(Last Updated on December 14, 2015 by Editor)
ZIMBABWE – Former Vice-President Joice Mujuru has, following her expulsion from Zanu-PF, likened herself to Jesus Christ who assured a repented criminal that was crucified with him that he would be with him in paradise.
Retired Colonel Kudzai Mbudzi shared Mujuru’s sentiments while addressing journalists at the Bulawayo Press Club on Saturday night.
Rtd Col Mbudzi is a key member of the People First, (PF) a proposed political party that Mujuru is alleged to be leading.
“Amai Mujuru has always emphasised the issue of inclusivity in every meeting of People First.
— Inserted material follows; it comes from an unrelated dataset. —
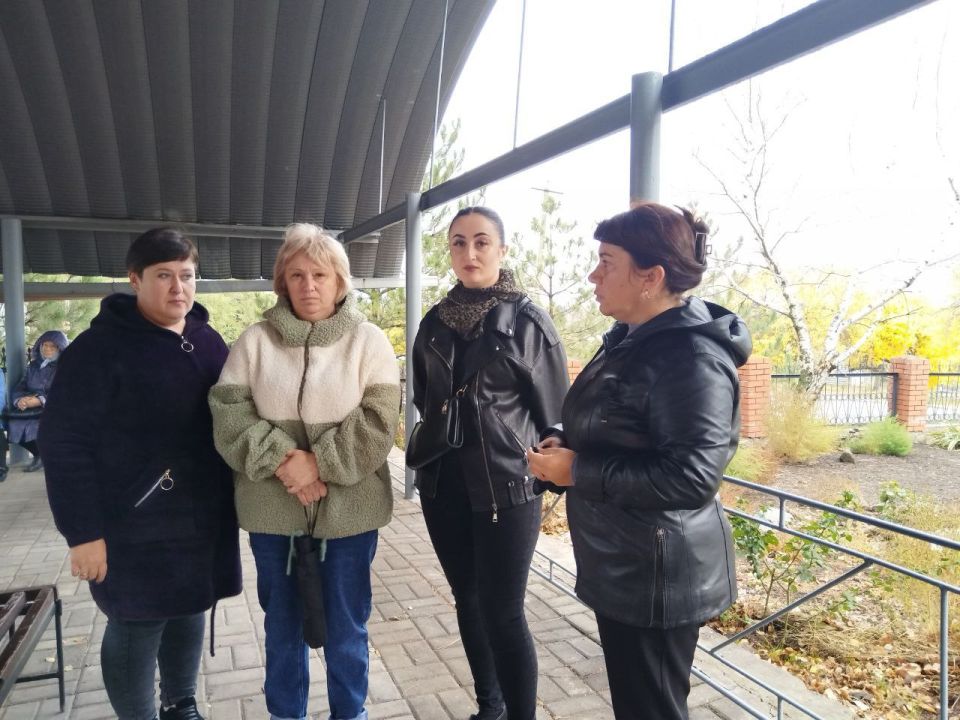Сегодня заместитель Главы Администрации провела встречу с трудовым коллективом муниципального совета, на которой были рассмотрены следующие вопросы: Сегодня заместитель Главы Администрации провела встречу с трудовым коллективом муниципального совета, на которой были рассмотрены следующие вопросы:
In fact, I laughed the day before yesterday (Friday) when she (Mujuru) commented on her expulsion from Zanu-PF. She likened herself to Jesus who just before he died promised a criminal crucified with him that he would prepare a place for him in paradise,” said Rtd Col Mbudzi.
He said Mujuru, in her comment, implied that all those who were expelled from Zanu-PF shouldn’t worry as a place had already been “prepared” for them in PF.
“PF is a place for everyone and that’s why our leader Amai Mujuru emphasises inclusiveness in our entire movement and organisation. We’ve members who left Zanu-PF, others from MDC-T, MKD and Zapu among other parties who’ve decided to liberate themselves by joining us,” Rtd Col Mbudzi claimed.
Three months ago, there were media reports that the ousted vice president was likely to join hands with the MDC-T leader Morgan Tsvangirai and form a coalition ahead of the 2018 elections.
When asked how PF intended to tackle the issue of reviving the economy and ending sanctions imposed on the country by the West, Rtd Col Mbudzi was evasive.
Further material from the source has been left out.